There is no use of making presumptions without the facts having been stated by the querist.

However, the querist is free to file a suit u/s 426 against his neighbour by producing the cleaners as his witnesses. BUT, on his part, he must also be prepared to face suit for claim of damages by his neighbour.

Best of luck to the querist, if he follows your advice!
Biswanath Roy (Expert) 23 March 2015
You completely misunderstood my views. Read my post again and look at Sec.425 & 426 IPC along with. I am afraid to say your views and observations are palpable.
Guest (Expert) 23 March 2015
I have already stated, "it all depends upon interpretation from individual to individual, as based on the facts (not assumptions) stated by the querist." I don't feel any compulsion to read or re-read your post. I based my views on the spirit of the query and the contents thereof, not basing on your post or by reading between the lines, or by beieving on one-sided story, or by assuming that the querist would have been right in alleging his neighbour just on the statement of the cleaners.

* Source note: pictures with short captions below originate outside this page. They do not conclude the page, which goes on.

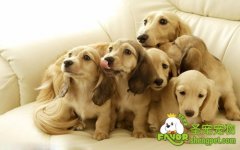 狗狗鼻炎的防治方法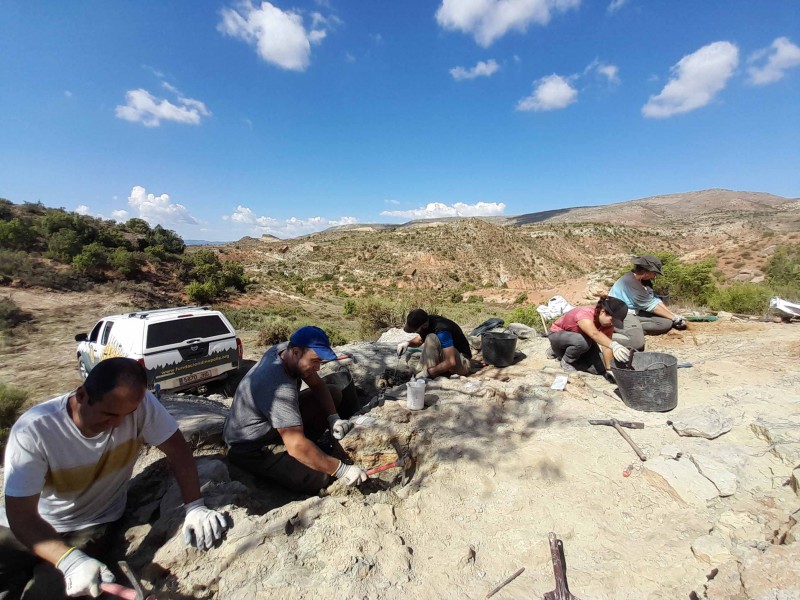 Nuevos fósiles de otro gran dinosaurio en Teruel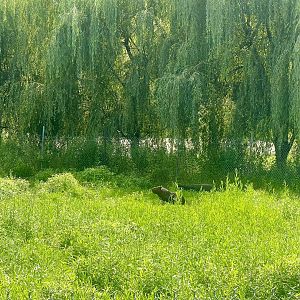 Capybara and Baird’s Tapir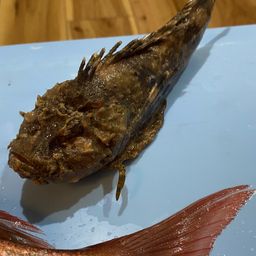 オニオコゼ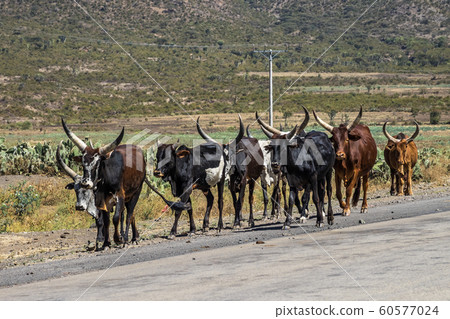 Brahman or Zebu bulls on the road to Gheralta in Tigray, Ethiopia Brahman or Zebu bulls on the road to Gheralta in Tigray, Ethiopia 60577024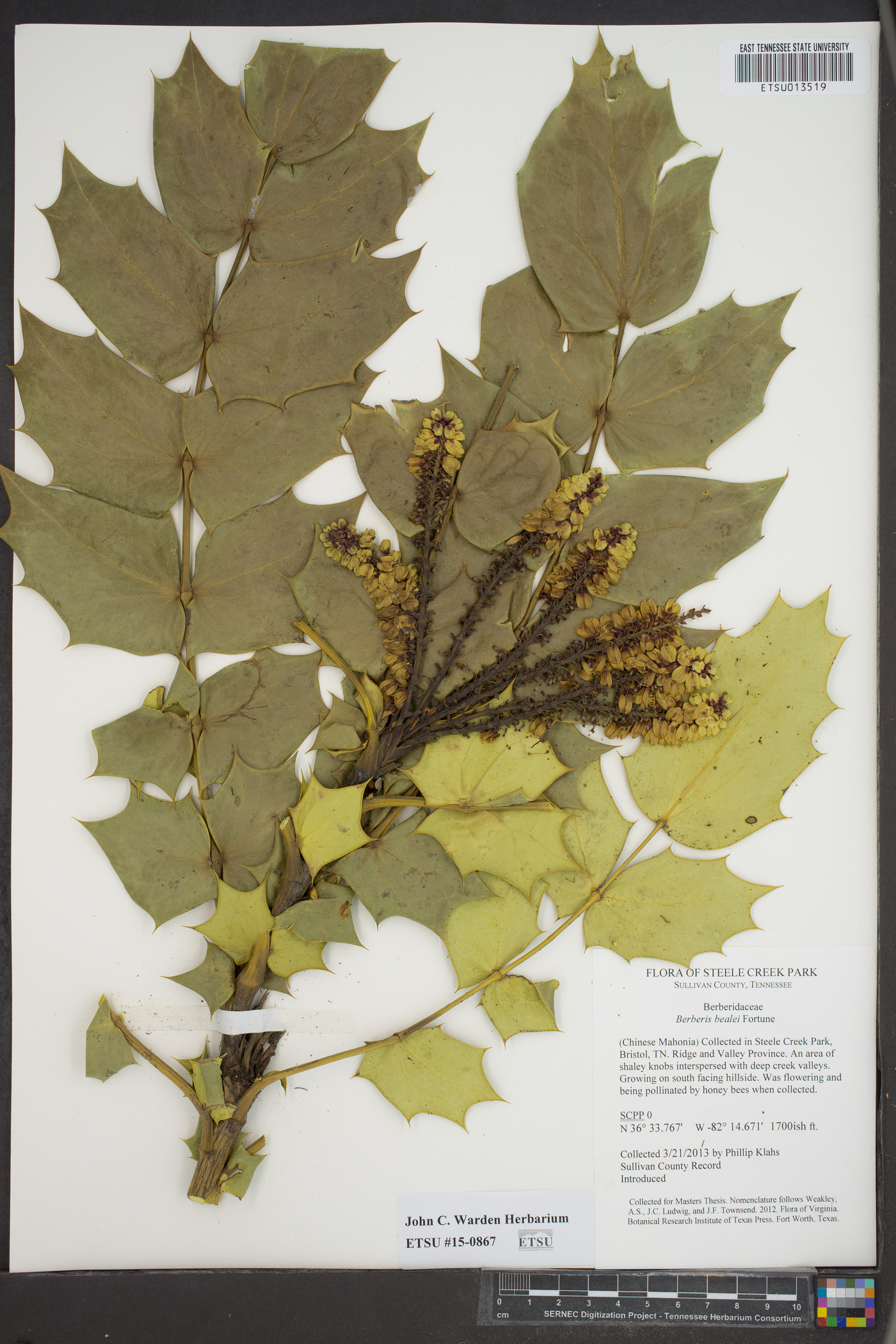 Mahonia bealei image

When the querist knows that the act was committed by the cleaners, he can catch hold of the cleaners only, not any of his neighbour based on cleaner's statement, he can well book the cleaners under sec. 426 read with sec. 425. Of course, you are free to assume anything. But, what if the querist would have removed or caused to have removed his article, by himself, just to blame the neighbour just as a matter of revenge?
Biswanath Roy (Expert) 23 March 2015
Thanks for your new hypothesis. But on one point I AGREE WITH YOU that the querist can book the cleaners along with the tenant u/s. 425,426,379,120 B IPC and can lodge an F.I.R in the local Police Station.
Regarding interpretation of statute I always follow the principles of interpretation of Statues by MAXWELL and Statutory Laws By CRAISE.
In this particular case I referred the views and interpretation laid down in the case of Ningomban Kula Singh vs. Union Territory, Manipur, AIR 1971, MANIPUR, PAGE - 13.
Guest (Expert) 24 March 2015
Respected Biswanath ji,

Thanks for agreeing with me at least on one point.